MediaGuard Troubleshooting
If you encounter any issues with your MediaGuard integration, you should reach out to a HUMAN representative right away—we're happy to help you resolve the problem as soon as possible. To help us diagnose the root cause of the issue, we'll ask you to complete the following troubleshooting steps and questionnaires to provide us with key details and rule out potential causes.
Compute time
Unnecessarily long compute times can add latency to MediaGuard's responses. Long compute times usually happen when your MediaGuard cluster is underprovisioned, which means that your cluster doesn't have enough nodes to support peak traffic levels. However, if your cluster does have enough nodes, compute time shouldn't be a significant source of latency.
Compute time questionnaire
In your support request, include the answers to these questions:
- Has your bid request volume increased beyond the current traffic capacity of your MediaGuard cluster? (For example, has your QPS (queries per second) volume increased by more than 20% compared to standard traffic levels?)
- Have you received (or do you anticipate receiving) any expected increases in traffic?
- Have you received any unexpected increases in traffic?
Network
Network issues can also add latency to MediaGuard's responses or trigger timeouts.
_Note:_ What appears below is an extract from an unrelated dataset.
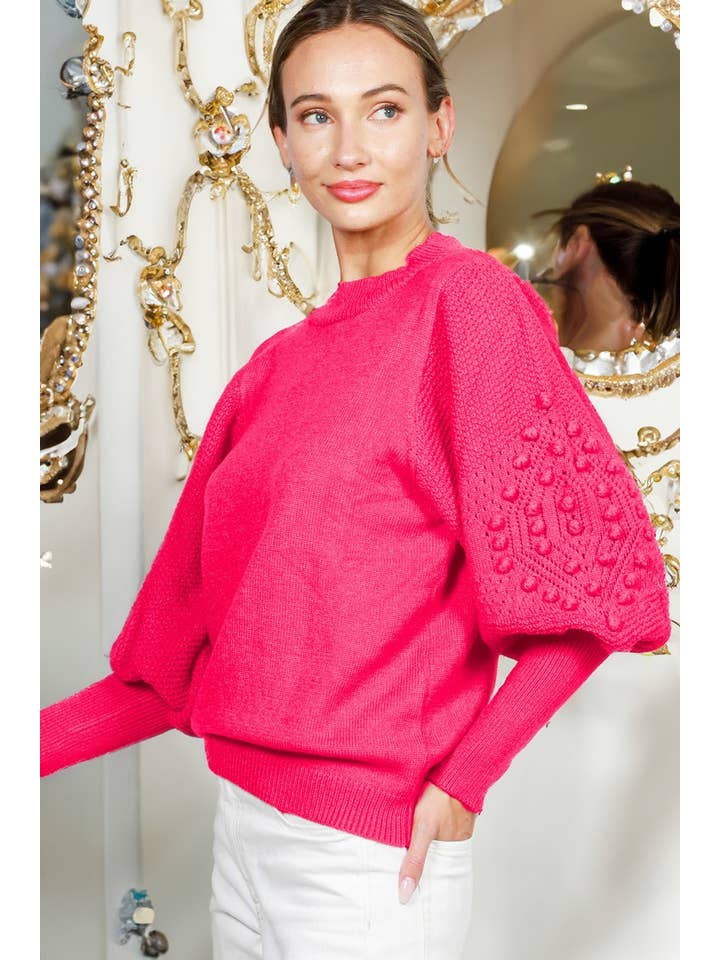Vine & Love - Wholesale Knit Sweater - Women's - Round Neck Pom Pom Balloon Long-Sleeve Knit Sweater VT70344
Network troubleshooting steps
From one of the bidding servers that you use to communicate with MediaGuard, run the following diagnostic commands (and share their results with your HUMAN representative):
traceroute <your_mediaguard_cluster>
(at least three times)traceroute --tcp --port=443 <your_mediaguard_cluster>
(at least three times)mtr --report-wide --report-cycles=200 <your_mediaguard_cluster>
mtr --report-wide --tcp --report-cycles=200 --port=443 <your_mediaguard_cluster>
You may receive different results between different traceroutes. This is normal and sometimes occurs when ICMP requests and other information items are deprioritized.
Ideally, you should run the above diagnostic tests from multiple bidding servers in the affected region. You can obtain the current IP address of any of your MediaGuard clusters by running the dig command (dig <your_mediaguard_cluster>
) on the cluster's DNS endpoint.
HUMAN will also run independent traceroutes from our servers to your system, which allows us to compare results from both approaches. To facilitate this process, you must provide us with an externally accessible endpoint that allows us to send traceroute requests to your bidding server.
Connection management
Poor connection management is another common source of latency. The number of connections, QPS (queries per second) per connection, and connection lifetime can all add latency to MediaGuard's responses.
Under perfect network conditions, your MediaGuard cluster can support up to 100 QPS per connection. However, in practice, we recommend utilizing between 65% and 80% of the available connection capacity to send and receive MediaGuard data. You can calculate the ideal number of connections for your MediaGuard integration by using the following formula:
(mean latency x QPS) ÷ (1000 x utilization) = number of connections
You can improve MediaGuard's performance by using fewer connections and keeping each connection open as long as possible to send as many requests as possible. It's more efficient to send multiple requests over a long-lived connection than it is to repeatedly open and close multiple short-lived connections, since long-lived requests reduce connection overhead and therefore put less train on MediaGuard.
Since MediaGuard is optimized to handle high traffic volumes, low-QPS requests won't accurately reflect MediaGuard's performance. After you've established a successful connection, we recommend running tests at slightly elevated QPS levels (above 200 QPS) to obtain accurate metrics.
Client metrics
If your servers are set up to measure MediaGuard's response times, HUMAN can compare this data to our own measurements for more thorough troubleshooting.
Metrics questionnaire
In your support request, include the following information:
- Metrics by datacenter and/or region
- Timeout percentage
- Latency histogram (for example):
50% <15ms
30% >= 15ms and <20ms
15% >= 20ms and <30ms
5% >=30
Other troubleshooting
To give us a better sense of both your internal systems and your MediaGuard integration, we also ask you to fill out a general troubleshooting questionnaire. Some of the questions listed below help us rule out common issues, while others provide us with a starting point for further inquiry.
General questionnaire
In your support request, include the answers to as many of these questions as you can:
- Were there any recent changes to your ad server?
- Were there any recent changes to the volume of requests to your ad server?
- Were there any recent changes to your network/service provider?
- Were there any recent changes to your routing?
- Did the problem persist for at least half an hour?
- Is the distance between your ad server and your MediaGuard cluster greater than 30 miles (48 kilometers)?
- Are there more than fifteen hops between your ad server and your MediaGuard cluster?
- Have you performed a traceroute and MTR using ICMP protocol?
- Have you performed a traceroute and MTR using TCP protocol?
- Is the latency originating from a hop close to HUMAN's cluster?
- Have you confirmed the results with your NOC (Network Operations Center) team?
- What is the externally-accessible endpoint for HUMAN to send traceroute requests to your bidding server? (And is the ICMP protocol allowed through your firewalls?)
- If you're collecting metrics, can you provide any graphs that illustrate the timeline of your issues?